TASK BRIEF: All lines from the one containing "Câble Réseau CAT" to the end of the data below are to be returned exactly, both ends included, with nothing added.

(Extracted records)
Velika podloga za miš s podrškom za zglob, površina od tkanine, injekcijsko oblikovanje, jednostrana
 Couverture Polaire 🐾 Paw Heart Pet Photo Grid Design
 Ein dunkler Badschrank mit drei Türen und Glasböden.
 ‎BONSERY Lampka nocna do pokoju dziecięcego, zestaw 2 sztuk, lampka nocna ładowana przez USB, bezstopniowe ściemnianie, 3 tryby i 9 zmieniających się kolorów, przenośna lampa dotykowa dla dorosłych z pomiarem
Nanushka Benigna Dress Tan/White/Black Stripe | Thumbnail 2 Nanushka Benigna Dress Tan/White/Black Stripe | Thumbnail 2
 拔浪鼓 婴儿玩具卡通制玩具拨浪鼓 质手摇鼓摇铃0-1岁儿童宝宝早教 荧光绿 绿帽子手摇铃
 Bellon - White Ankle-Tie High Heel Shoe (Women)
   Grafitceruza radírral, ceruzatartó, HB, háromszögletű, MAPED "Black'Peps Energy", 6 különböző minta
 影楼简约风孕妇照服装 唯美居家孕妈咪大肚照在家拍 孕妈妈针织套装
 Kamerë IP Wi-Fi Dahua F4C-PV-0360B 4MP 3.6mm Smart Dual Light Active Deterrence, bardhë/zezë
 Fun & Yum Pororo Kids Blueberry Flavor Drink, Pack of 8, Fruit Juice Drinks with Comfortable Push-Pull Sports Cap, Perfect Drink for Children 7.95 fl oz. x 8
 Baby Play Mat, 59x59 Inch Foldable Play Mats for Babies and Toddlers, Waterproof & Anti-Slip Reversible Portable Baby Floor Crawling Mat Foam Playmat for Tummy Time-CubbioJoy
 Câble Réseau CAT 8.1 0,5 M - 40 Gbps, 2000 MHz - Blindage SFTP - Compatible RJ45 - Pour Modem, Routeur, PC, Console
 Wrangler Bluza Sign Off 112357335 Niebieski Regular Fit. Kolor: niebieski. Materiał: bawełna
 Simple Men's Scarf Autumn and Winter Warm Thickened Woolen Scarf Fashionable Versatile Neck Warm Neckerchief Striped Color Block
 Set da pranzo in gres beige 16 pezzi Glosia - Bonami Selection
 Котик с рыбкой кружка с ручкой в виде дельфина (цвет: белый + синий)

RESPONSE AREA:
 Câble Réseau CAT 8.1 0,5 M - 40 Gbps, 2000 MHz - Blindage SFTP - Compatible RJ45 - Pour Modem, Routeur, PC, Console
 Wrangler Bluza Sign Off 112357335 Niebieski Regular Fit. Kolor: niebieski. Materiał: bawełna
 Simple Men's Scarf Autumn and Winter Warm Thickened Woolen Scarf Fashionable Versatile Neck Warm Neckerchief Striped Color Block
 Set da pranzo in gres beige 16 pezzi Glosia - Bonami Selection
 Котик с рыбкой кружка с ручкой в виде дельфина (цвет: белый + синий)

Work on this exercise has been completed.